Submitted to: American Peanut Research and Education Society Abstracts
Publication Type: Abstract only
Publication Acceptance Date: 7/30/2003
Publication Date: 8/15/2003
Citation: Liang, X.Q., Guo, B.Z., Holbrook, C.C. 2003. Identification of peanut seed-storage proteins associated with resistance against Aspergillus flavus infection and aflatoxin production [abstract]. American Peanut Research and Education Society. Paper No. 102. Interpretive Summary:
Technical Abstract: Peanut germplasm has been evaluated in the laboratory and the field for resistance to Aspergillus flavus infection and aflatoxin production.
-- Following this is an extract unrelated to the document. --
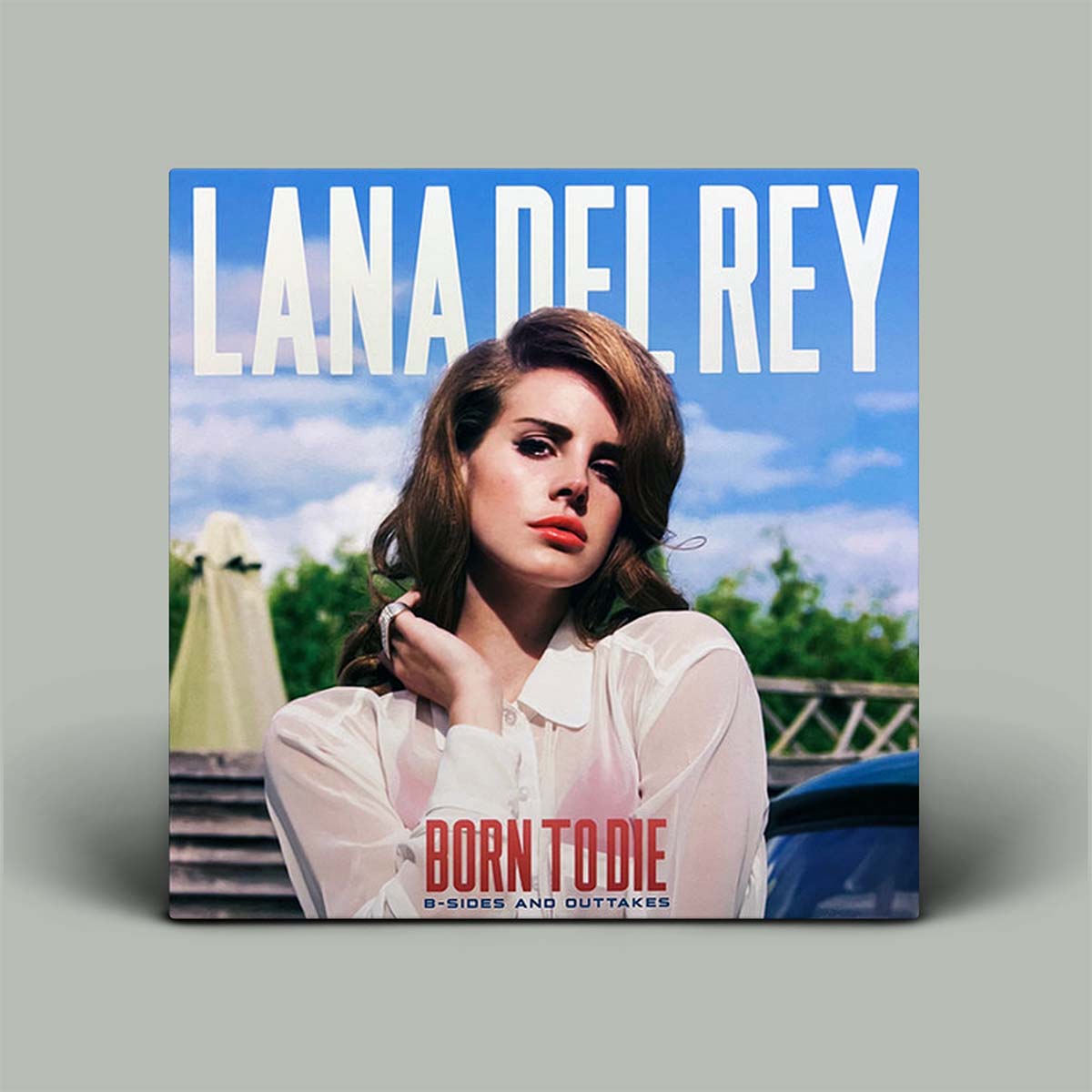 Lana Del Ray - Born To Die - B-Sides And Outtakes | Vinyl LP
Protein profiles of 4 genotypes, Georgia Green, A-100, GT-C20, and GT-C9, have been analyzed using 2-D gel electrophoresis. Laboratory bioassay shows that GT-C20, a genotype from China, has resistance to fungal colonization and sporulation in comparison with Georgia Green and A-100. In one year field test, GT-C20 had significant lower aflatoxin concentration than Georgia Green. Total seed protein was extracted from 4 genotypes (Georgia Green and A100, GT-C20, and GT-C9), which had different fungal growth/colonization and aflatoxin production in the laboratory and the field. Six protein spots were identified unique or up- or down-regulated in resistant genotypes. These 6 major protein spots are labeled as P-1 (35 kD, pI 4.7), P-2 (22.5 kD, pI 4.1), P-3 (22.5 kD, pI 8.2), P-4 (22.5 kD, pI 7.3), P-5 (23.8 kD, pI 5.9) and P-6 (23.5 kD, pI 7.0). GT-C20 has P-1 to P-5 with P-4 at a trace level, and misses P-6. The protein profiles are almost identical for Georgia Green and A-100, in which both have P-4 and P-6, and miss P-2, P-3 and P-5. GT-C9 has only P-3 with trace level and P-1 to P-5 could be induced in the seeds by imbibition of water or inoculation of A. flavus in the laboratory. The major qualitative differences are that protein P-2, P3, and P5 are unique in resistant genotypes and P-4 and P-6 are unique in susceptible genotypes. Protein spot P-4 is much higher in susceptible genotypes than in resistant genotypes. Further characterization of these proteins in association with resistance/susceptibility to A. flavus will be needed.